[Short web captions]
-- Opening Marker --

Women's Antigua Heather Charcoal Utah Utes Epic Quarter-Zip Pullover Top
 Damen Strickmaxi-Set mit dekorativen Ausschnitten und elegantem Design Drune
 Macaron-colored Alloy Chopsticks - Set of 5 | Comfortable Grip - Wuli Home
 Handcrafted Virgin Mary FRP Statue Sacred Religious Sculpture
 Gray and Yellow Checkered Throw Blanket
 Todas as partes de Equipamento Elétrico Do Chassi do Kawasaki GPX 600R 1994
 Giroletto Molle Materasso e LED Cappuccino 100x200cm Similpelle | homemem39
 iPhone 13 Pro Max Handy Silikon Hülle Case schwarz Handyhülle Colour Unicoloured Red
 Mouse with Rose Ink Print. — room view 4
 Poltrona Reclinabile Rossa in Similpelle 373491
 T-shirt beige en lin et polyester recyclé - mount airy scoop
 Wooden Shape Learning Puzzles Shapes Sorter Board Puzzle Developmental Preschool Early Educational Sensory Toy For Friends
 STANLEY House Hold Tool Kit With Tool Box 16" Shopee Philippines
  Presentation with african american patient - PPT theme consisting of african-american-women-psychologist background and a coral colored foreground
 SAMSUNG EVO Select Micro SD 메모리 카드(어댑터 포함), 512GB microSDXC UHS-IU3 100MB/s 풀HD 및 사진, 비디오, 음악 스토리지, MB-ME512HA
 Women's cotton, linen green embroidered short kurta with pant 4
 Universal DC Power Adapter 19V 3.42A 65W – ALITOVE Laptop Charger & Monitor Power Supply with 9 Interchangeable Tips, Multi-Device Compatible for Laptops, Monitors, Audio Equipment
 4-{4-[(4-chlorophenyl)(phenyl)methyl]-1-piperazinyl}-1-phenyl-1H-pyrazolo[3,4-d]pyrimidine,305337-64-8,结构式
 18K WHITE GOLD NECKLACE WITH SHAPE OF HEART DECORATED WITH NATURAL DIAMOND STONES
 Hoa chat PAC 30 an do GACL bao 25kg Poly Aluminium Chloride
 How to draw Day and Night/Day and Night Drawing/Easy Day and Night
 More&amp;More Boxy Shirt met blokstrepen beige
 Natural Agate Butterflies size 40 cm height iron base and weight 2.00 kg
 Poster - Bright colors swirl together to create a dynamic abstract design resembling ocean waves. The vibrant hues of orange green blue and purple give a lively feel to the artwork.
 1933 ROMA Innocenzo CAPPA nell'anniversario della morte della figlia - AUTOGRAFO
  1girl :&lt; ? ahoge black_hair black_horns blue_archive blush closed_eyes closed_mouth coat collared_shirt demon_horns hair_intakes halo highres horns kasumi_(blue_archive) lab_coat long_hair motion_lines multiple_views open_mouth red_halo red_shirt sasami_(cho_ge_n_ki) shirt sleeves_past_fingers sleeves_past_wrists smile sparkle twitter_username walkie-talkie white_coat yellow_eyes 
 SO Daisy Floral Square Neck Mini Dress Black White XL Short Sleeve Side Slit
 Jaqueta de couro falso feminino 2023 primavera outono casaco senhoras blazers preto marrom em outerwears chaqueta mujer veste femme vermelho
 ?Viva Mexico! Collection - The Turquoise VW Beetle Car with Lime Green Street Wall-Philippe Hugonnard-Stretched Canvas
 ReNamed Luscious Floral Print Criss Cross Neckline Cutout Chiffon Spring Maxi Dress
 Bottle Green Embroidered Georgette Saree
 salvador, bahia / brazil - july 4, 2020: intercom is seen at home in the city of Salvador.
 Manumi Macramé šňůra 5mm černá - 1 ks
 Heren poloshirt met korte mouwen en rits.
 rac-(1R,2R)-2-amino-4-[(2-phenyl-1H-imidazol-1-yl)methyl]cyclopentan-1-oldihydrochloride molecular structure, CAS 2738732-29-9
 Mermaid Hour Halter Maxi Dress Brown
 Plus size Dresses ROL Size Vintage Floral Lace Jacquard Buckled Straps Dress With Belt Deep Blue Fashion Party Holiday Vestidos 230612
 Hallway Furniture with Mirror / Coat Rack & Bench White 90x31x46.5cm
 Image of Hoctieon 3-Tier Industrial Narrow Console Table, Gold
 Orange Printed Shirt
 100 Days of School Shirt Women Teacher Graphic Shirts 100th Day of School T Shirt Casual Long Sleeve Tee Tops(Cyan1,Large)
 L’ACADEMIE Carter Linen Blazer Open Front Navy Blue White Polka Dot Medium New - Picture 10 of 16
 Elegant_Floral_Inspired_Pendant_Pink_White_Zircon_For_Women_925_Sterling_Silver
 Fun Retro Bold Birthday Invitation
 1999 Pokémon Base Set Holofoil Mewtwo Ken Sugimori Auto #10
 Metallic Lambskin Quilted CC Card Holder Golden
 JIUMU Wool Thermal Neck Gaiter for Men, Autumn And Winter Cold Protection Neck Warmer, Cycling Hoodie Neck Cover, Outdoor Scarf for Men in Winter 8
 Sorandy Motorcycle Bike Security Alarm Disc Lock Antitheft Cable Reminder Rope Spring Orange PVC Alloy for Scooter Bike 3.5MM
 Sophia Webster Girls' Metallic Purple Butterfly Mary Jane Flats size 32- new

-- Closing Marker --

Instructions for the task:
Exact copies of the lines from the start of the data up to the line holding "Macaron-colored Alloy Chopsticks", both included, are all that is needed.

Exercise solution:
Women's Antigua Heather Charcoal Utah Utes Epic Quarter-Zip Pullover Top
 Damen Strickmaxi-Set mit dekorativen Ausschnitten und elegantem Design Drune
 Macaron-colored Alloy Chopsticks - Set of 5 | Comfortable Grip - Wuli Home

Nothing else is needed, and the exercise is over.